**Input for this task:**
= = =

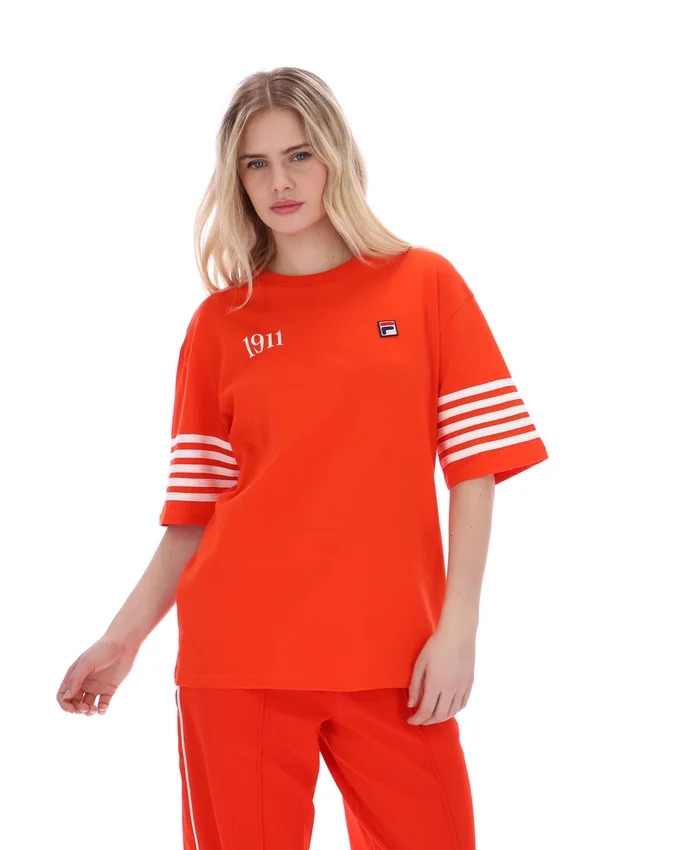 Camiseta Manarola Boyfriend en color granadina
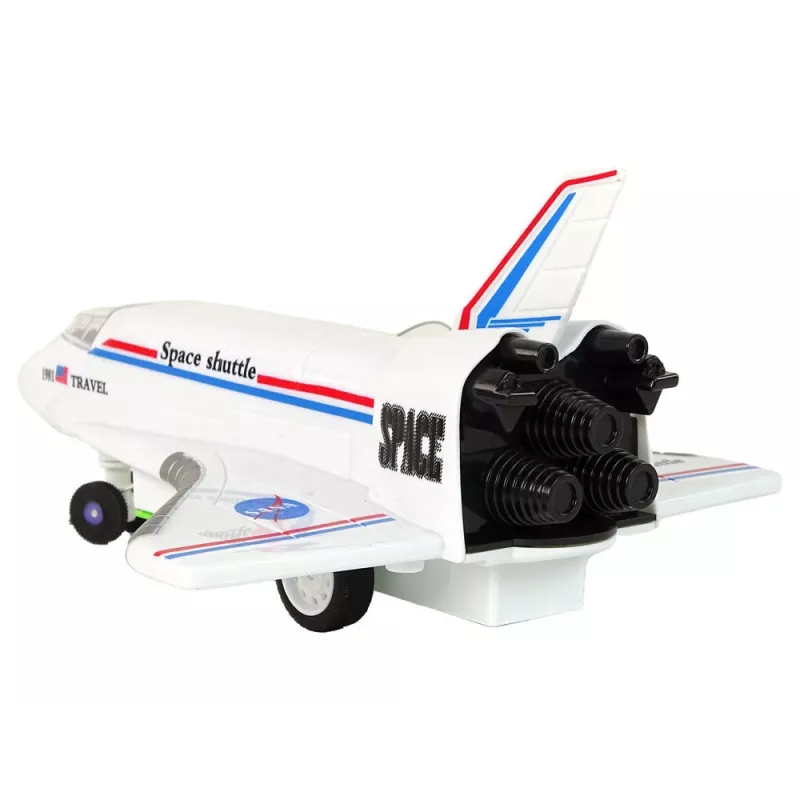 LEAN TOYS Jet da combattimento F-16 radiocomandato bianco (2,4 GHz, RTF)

= = =

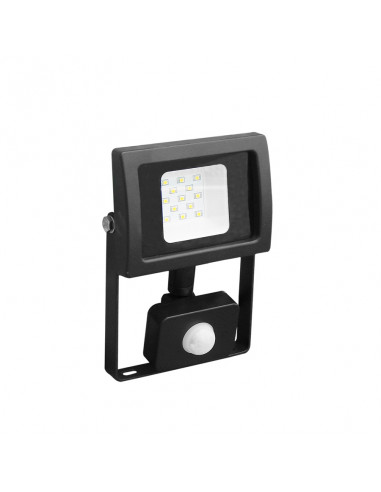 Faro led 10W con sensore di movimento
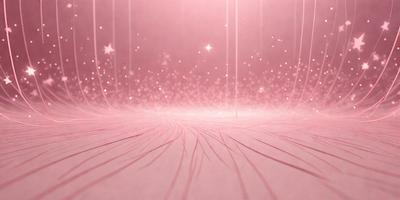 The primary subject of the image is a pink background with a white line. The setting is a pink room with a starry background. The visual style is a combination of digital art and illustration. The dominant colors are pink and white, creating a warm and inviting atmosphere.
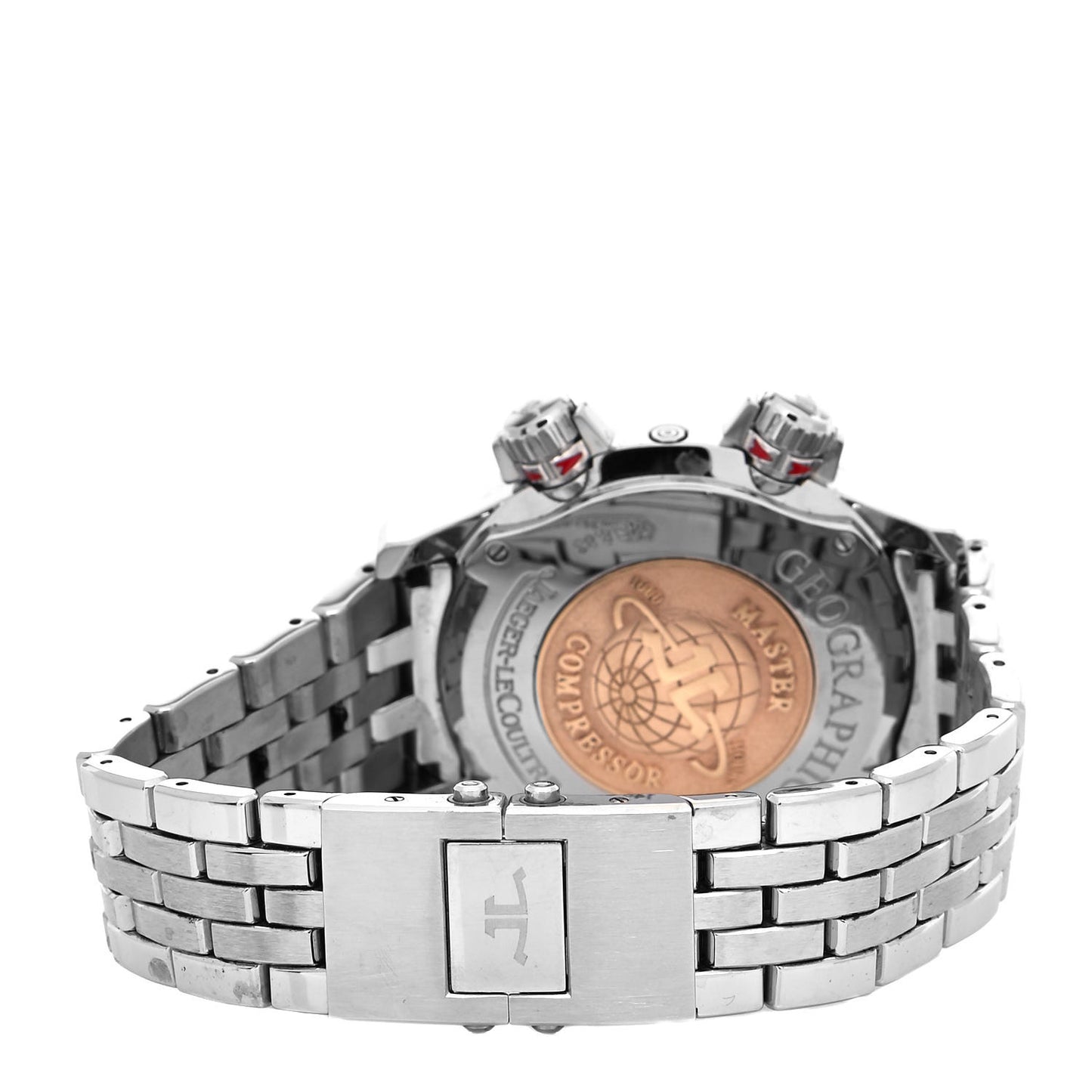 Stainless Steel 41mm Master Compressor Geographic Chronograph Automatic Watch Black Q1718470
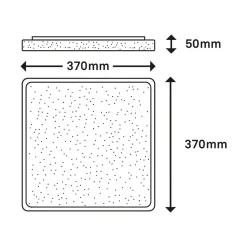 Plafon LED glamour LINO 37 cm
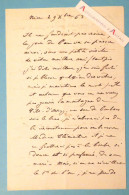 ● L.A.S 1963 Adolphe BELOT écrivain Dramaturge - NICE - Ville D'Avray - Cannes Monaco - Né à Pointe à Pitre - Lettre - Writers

= = =

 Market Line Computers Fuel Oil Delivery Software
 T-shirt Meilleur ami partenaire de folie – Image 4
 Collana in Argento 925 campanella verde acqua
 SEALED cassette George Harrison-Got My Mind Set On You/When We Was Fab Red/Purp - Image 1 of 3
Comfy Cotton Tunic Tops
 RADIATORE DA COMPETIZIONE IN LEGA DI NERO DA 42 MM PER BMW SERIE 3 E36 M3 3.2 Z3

= = =

**Task to complete:** Set down again, word for word, every line from the one with "Stainless Steel 41mm" to the one with "Lettre - Writers" in the entries above, and omit the pictures.

**Response to this exercise:**
 Stainless Steel 41mm Master Compressor Geographic Chronograph Automatic Watch Black Q1718470
 Plafon LED glamour LINO 37 cm
 ● L.A.S 1963 Adolphe BELOT écrivain Dramaturge - NICE - Ville D'Avray - Cannes Monaco - Né à Pointe à Pitre - Lettre - Writers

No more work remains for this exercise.